Appeal from the Order of the State Civil Service Commission in case of Edward A. Courtney v. Greene County Board of Assistance, Department of Public Welfare, No. 2125.


Anthony J. Martin, with him Martin & Finnegan, for petitioner.

Barbara G. Raup, Assistant Attorney General, with her Robert E. Kelly, Assistant Attorney General, for respondents.

Judges Crumlish, Jr., Blatt and DiSalle, sitting as a panel of three. Opinion by Judge DiSalle.

Author: Disalle

[ 37 Pa. Commw. Page 367]

We have before us both a petition for review filed by Edward A. Courtney (Courtney) from the order of the State Civil Service Commission (Commission) dated June 9, 1977, and preliminary objections to the petition filed by the Commission and its Chairman, John A. M. McCarthy.

[ 37 Pa. Commw. Page 368]

We shall first consider the preliminary objections. These objections include a challenge to the propriety of Courtney invoking the original jurisdiction of this Court. Courtney purported to state an original claim by attaching a Notice to Plead to his petition for review, and by requesting a remand conditioned on John A. M. McCarthy being enjoined from participating in a new hearing. Consequently, this case was docketed as involving both our appellate and original jurisdiction. The petition for review, however, cites as the basis for this Court's jurisdiction Section 403 of the Appellate Court Jurisdiction Act of 1970, Act of July 31, 1970, P.L. 673, as amended, 17 P.S. § 211.403. This Section provides us solely with appellate jurisdiction. Furthermore, our review of the allegations in the petition for review, which do not separate appellate and original matters, indicates that no basis exists for invoking our original jurisdiction.
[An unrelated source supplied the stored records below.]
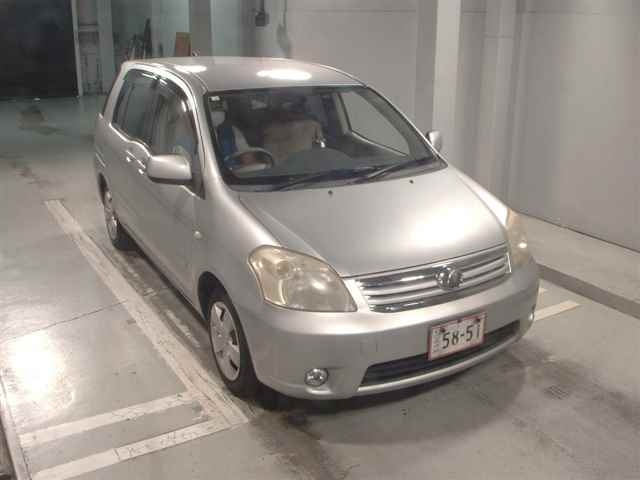 TOYOTA RAUM 2008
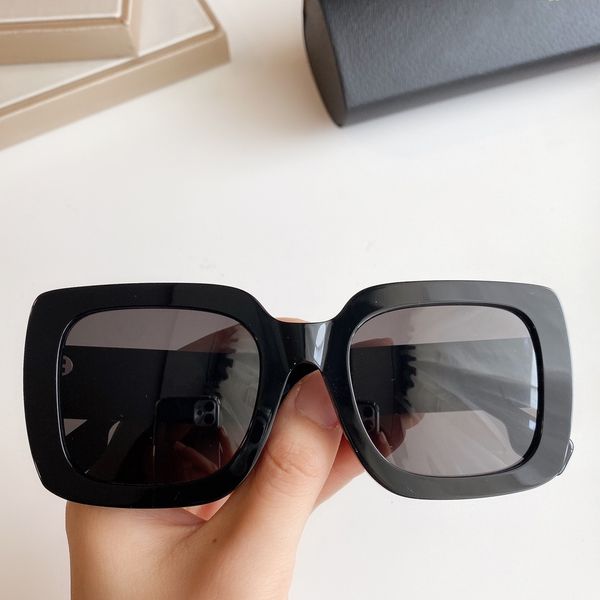 luxury sunglasses mens sunglasses women classic style plank metal frame 4384 uv400 protection outdoor eyewear with, White;black
luxury sunglasses mens sunglasses women classic style plank metal frame 4384 uv400 protection outdoor eyewear with, White;black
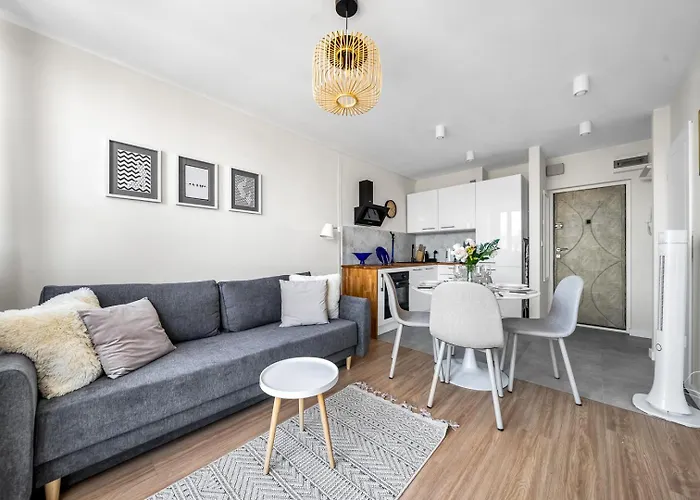 Hala Mirowska Apartment - 9Th Floor, City View - By Rentujemy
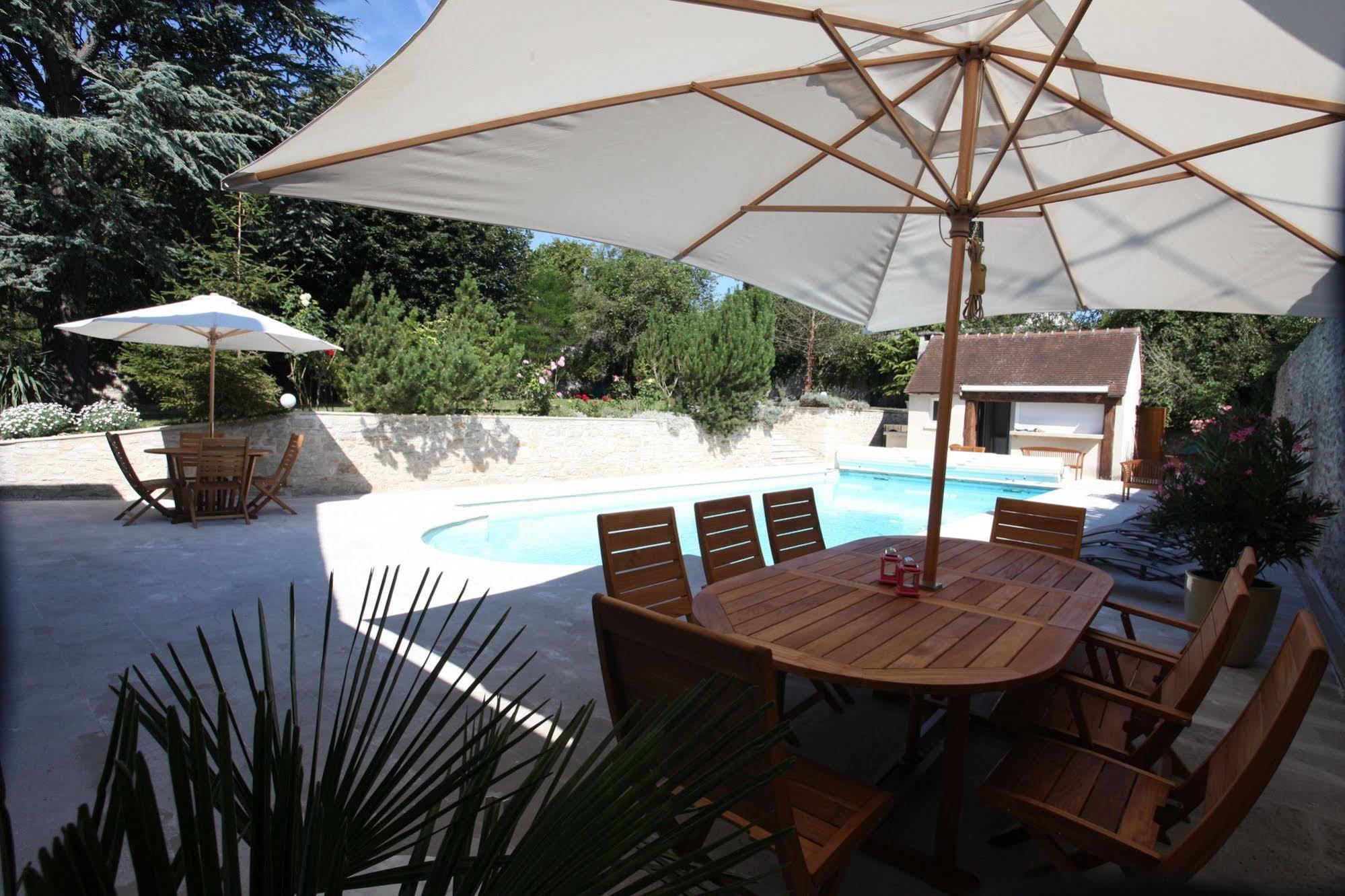 Saint Graal Bed & Breakfast Chamant Exterior photo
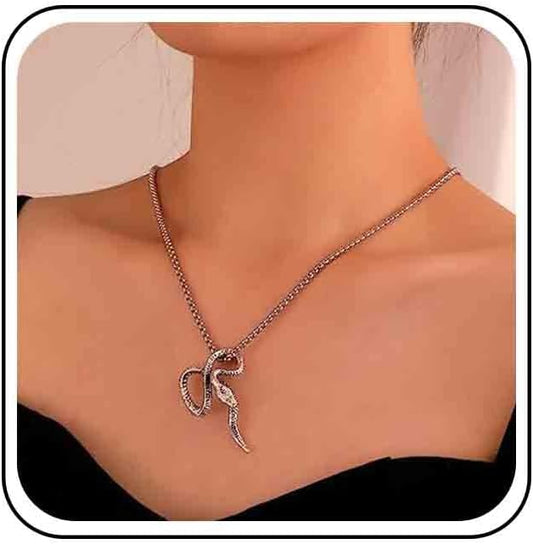 Vintage Snake Pendant Necklace Punk Snake Necklace Serpent Choker Necklace Silver Box Chain Necklace Jewelry for Women-Velvo Beauty
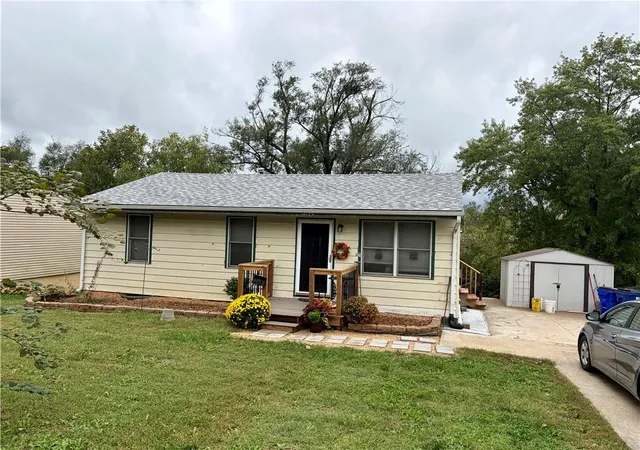 Photo 1 of Single family home for sale at 14724 Bellaire Ave, Grandview, MO 64030 | MLS# 2646030 | Listing updated on 2026-10-20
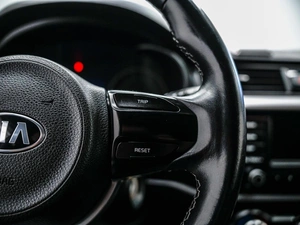 Хетчбэк Kia Rio X-Line 2019 года, 1400000 рублей, Красноярск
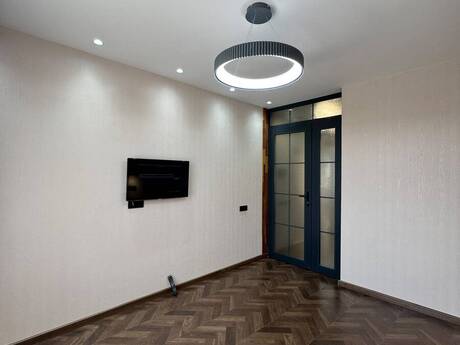 2 otaqlı köhnə tikili - Əhmədli m. - 65 m²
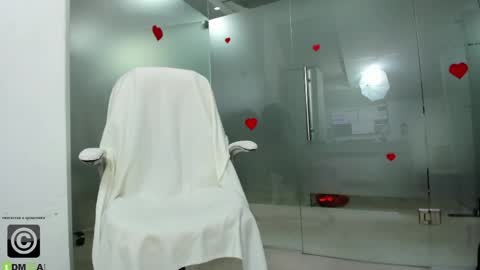 Snapshot of missdominna chatting on 05/09/26, 03:01 Miss Domina online show from 05/09/26, 03:01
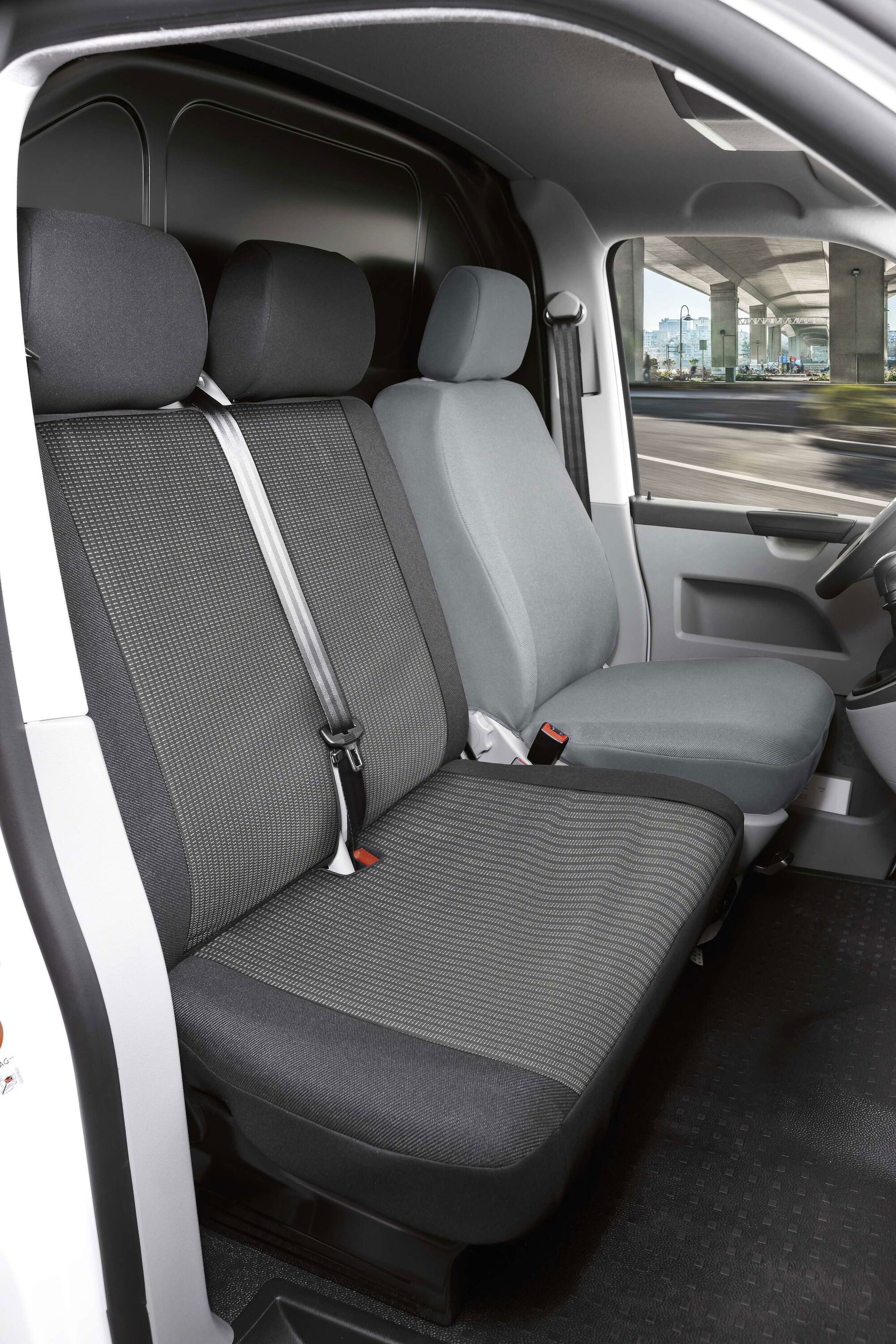 WALSER Autositzbezug Performer VW T6, 1 Doppelbankbezug vorne Lehne klappbar, 2 Kopfstützenbezüge, 5-tlg.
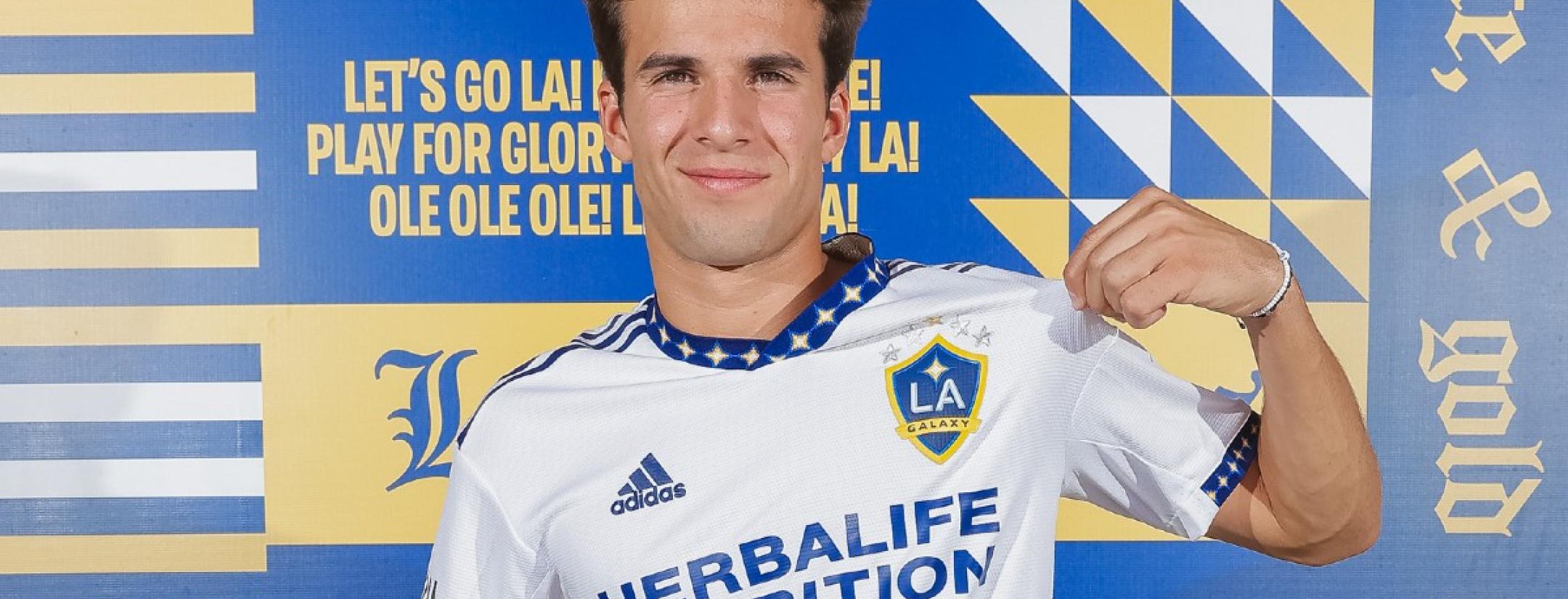 Elogios de Riqui Puig a Chicharito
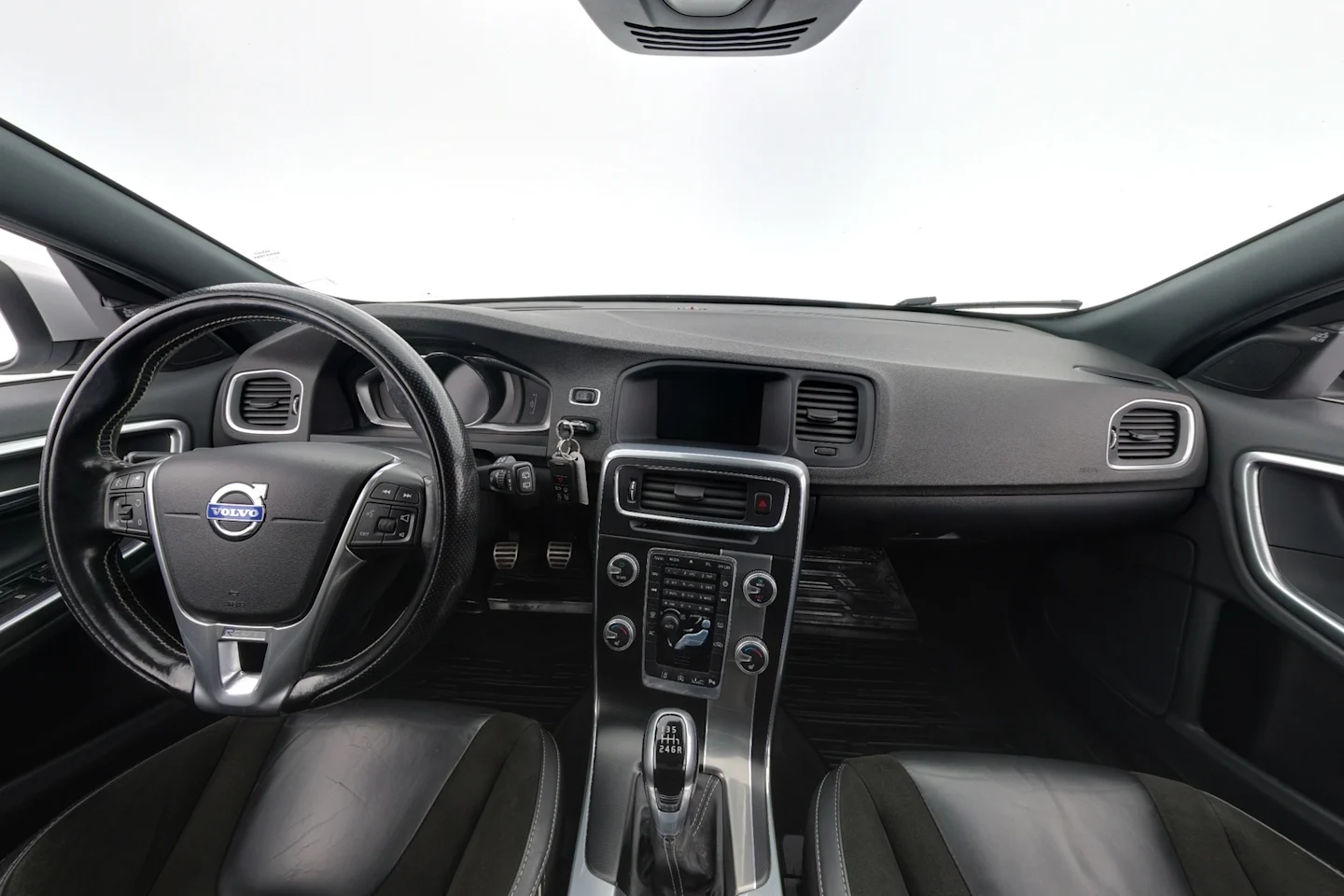 Car Image - 3n5K5kkTp9uM9Tl0EfrkWE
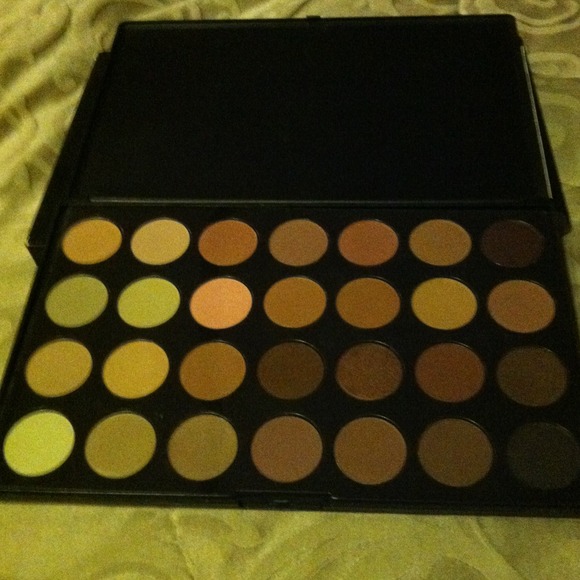 evelyn lozada Accessories - Evelyn Lozada 28 shades of shadows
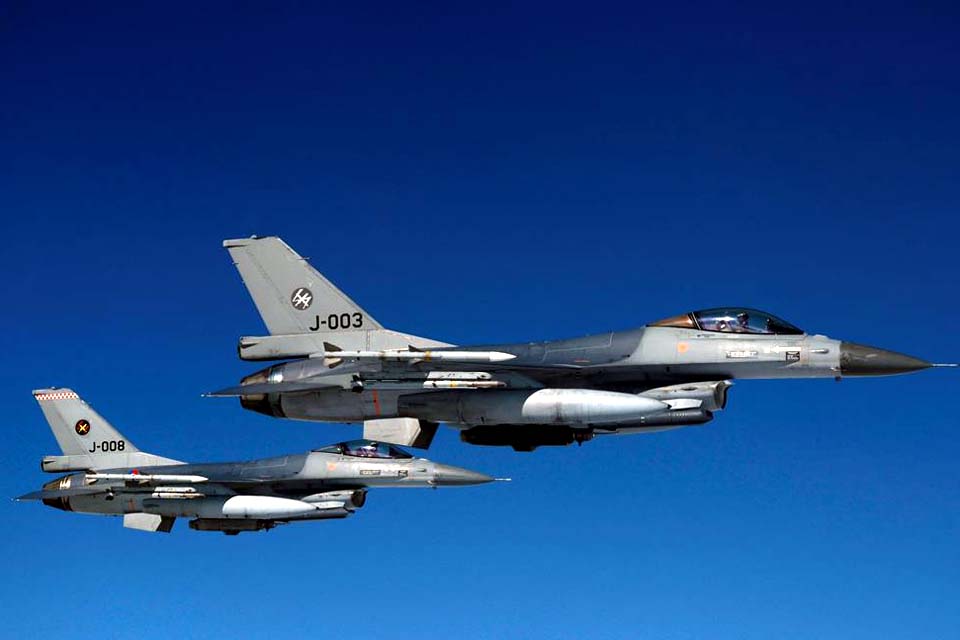 Dinamarca prevê entregar F-16 à Ucrânia no segundo trimestre de 2024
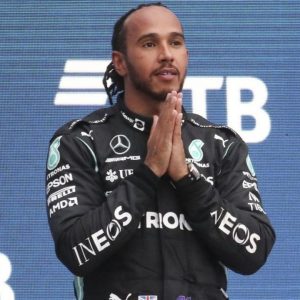 "That's why I want to stay in F1"– Lewis Hamilton explains retirement plan delay along with a message to George Russell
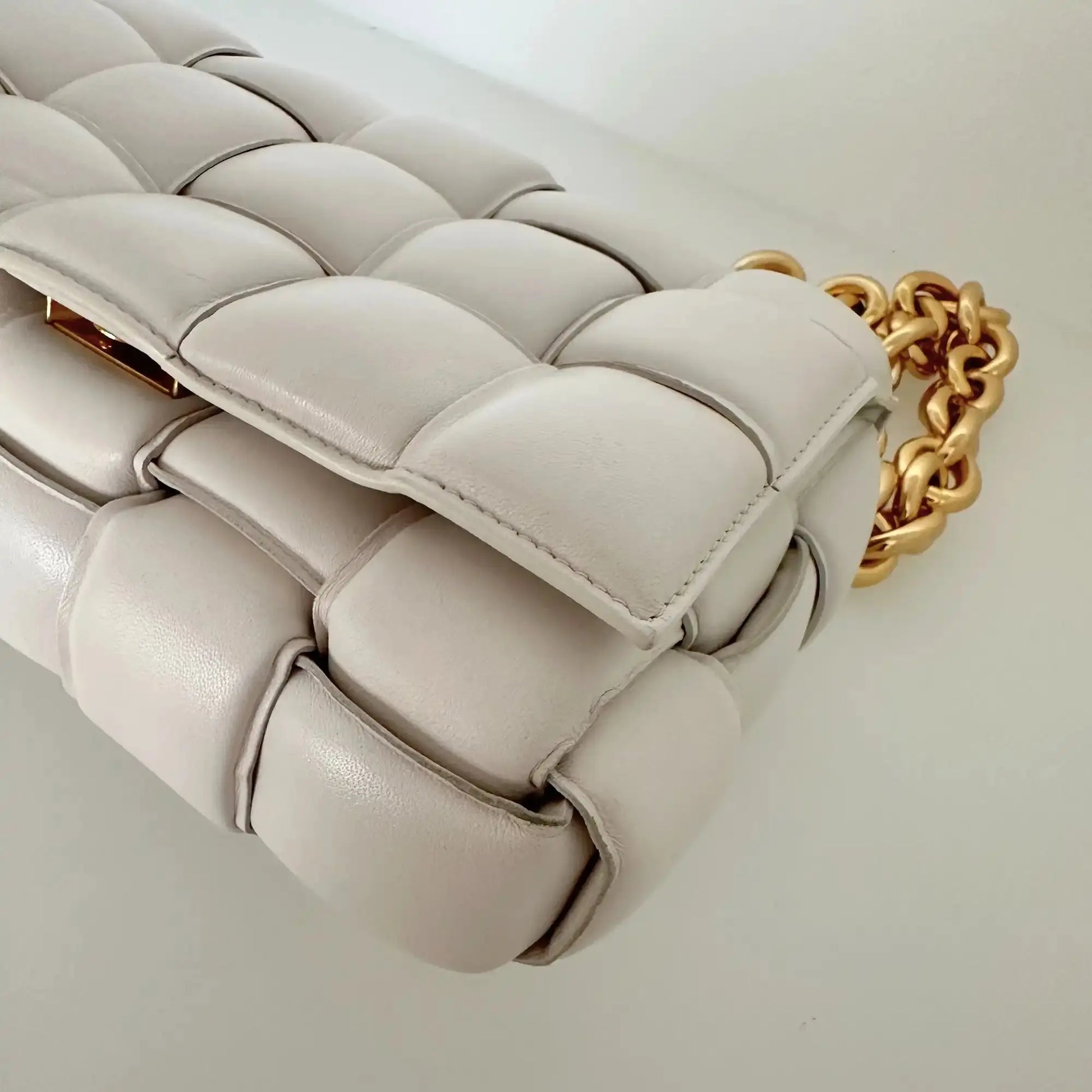 Bottega Veneta Padded Chain Cassette Crossbody Bag Off-White / sehr gut Bottega Veneta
Accordingly, we will consider only the argument of Courtney as it relates to our appellate jurisdiction.

The facts of the case are as follows: Courtney was employed by the Greene County Board of Assistance as a regular employe in the classification of Income Maintenance Worker I. In December of 1976 he received a rating of unsatisfactory from his employer. Thereafter, by letter dated December 31, 1976, he requested a hearing before the Commission, for the purpose of reviewing the Performance Evaluation Report, alleging denial of promotion and harassment. A hearing was set for February 3, 1977. Notice of this hearing, although dated January 14, 1977, was in fact received by Courtney by certified mail, return receipt requested, on January 26, 1977. The hearing was held as scheduled. The Commission in its adjudication and order concluded that Courtney's employer had not violated Section 905.1 of the Civil Service Act, Act of

[ 37 Pa. Commw. Page 369]

August 5, 1941, P.L. 752, as amended, added by Section 25 of the Act of August 27, 1963, P.L. 1257, as amended, 71 P.S. § 741.905a, and, in dismissing the appeal, sustained the Performance Evaluation Report.

Courtney first argues that he was denied due process of law in that he was not given proper notice of the hearing. Specifically, he alleges that his due process rights were violated since he received notice of the hearing less than ten days before it was scheduled and that this contravened the Commission's regulations found at 4 Pa. Code § 105.11. We agree.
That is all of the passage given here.